Gorilla, My Love
Toni Cade Bambara
First published 1960
I first read this collection of short stories when I was in college, back in the late 1980s. It stunned me so deeply, I’ve remembered it—especially the title story—for decades. I should write a letter of thanks to the college professor who first turned me on to it, but I no longer remember who it was. Well, I’m sending thanks out to the universe, anyway, because the stories of Gorilla, My Love by Toni Cade Bambara have rumbled around my head, flavoring everything I’ve written and everything I’ve read since.
Fifteen short stories, each told in the first-person voice of a different character (or sometimes a 3rd-person limited omniscient, as if privy to the thoughts of a character), make up the collection. It feels as if all the characters are neighbors, all know each other, and are all talking smack about each other (though the collection isn’t set up that way).
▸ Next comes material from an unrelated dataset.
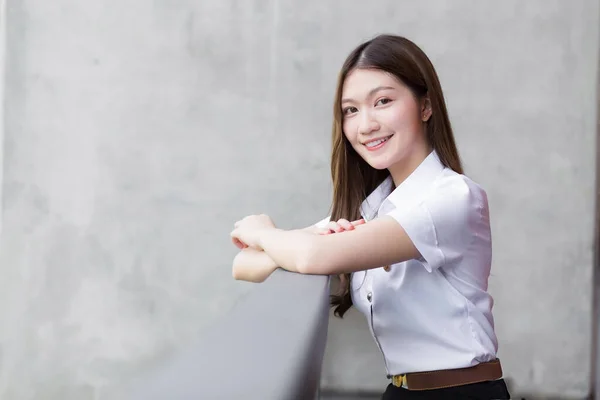 Ritratto Uno Studente Thailandese Adulto Uniforme Universitaria Asiatico Bella Ragazza — Foto Stock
What resonates most for me about these stories is, first, the voices and, second, the rhythm.
The voices seem so believably right. The title story, “Gorilla, My Love,” is told by a young girl (Hazel) who feels betrayed by the adults in her world. She goes with her brothers to see a film she thinks will be a gorilla movie (perhaps like King Kong, but even better), but is furious to find out she (and the entire audience of rowdy kids) has been tricked. “So the movie come on,” the narrator says, “and right away it’s this churchy music and clearly not about no gorilla. Bout Jesus. And I am ready to kill, not cause I got anything gainst Jesus. Just that when you fixed to watch a gorilla picture you don’t wanna get messed around with Sunday School stuff.” She and her brothers—and the whole audience—start a little popcorn-and-kicking riot, the harmless kind of tantrum one is inclined to throw in the face of powerlessness and betrayal.
Layered in an around this narrative is the story of the narrator’s loss of her Hunca Bubba, who gets married and starts going by his full proper Christian name (Johnathan Winston Vale). He’d promised, probably jokingly, to marry the narrator when she grew up, and was always the adult she could count on for friendship and understanding. Suddenly, he’s gone deep into the adult world and she’s left on the outside. Hazel has nobody but the other kids, all of them feeling the sting of the things adults promise but don’t really mean.
Every narrator’s voice feels true in this way, pulsing with the character’s needs, passions, anger. But it’s not a bitter collection in the least. It feels wistful. It feels true. It’s sometimes funny with a gentle, kind humor (the kind that doesn’t have to knock anybody down to make its mark).
As for the rhythm, I don’t simply mean the rhythm of the prose itself—though that is beautifully done. I remember when I was studying writing in college, and someone suggested to me that the major concern of poetry was at the level of the sentence and language, but the major concern of fiction was at the level of concept and story. I still think that’s wrong—good poets and good fiction-writers should always be concerned with both the big picture and the details. The best fiction writers, I think, compose every line of prose as if it were a line of poetry, that carefully. In Gorilla, My Love, words matter.
What I mean by “rhythm” is both the language-level rhythm (which, here, is masterful) and the ig-picture rhythm. Each story opens, build and closes in a sigh or a scream. The stories of the collection build upon one another to make a greater picture, so that the final story, “The Johnson Girls,” takes some of its effect from the momentum built by the stories that came before it. The last line—“’Right,’ say Gail, and lights my cigarette”—doesn’t sound particularly important until you’ve been carried to it by the story, by the whole book. Ending the collection on this line, then gives it extra weight, and I usually break into tears at the resignation it suggests.
I mean, you kinda have to be there (read it) to get it.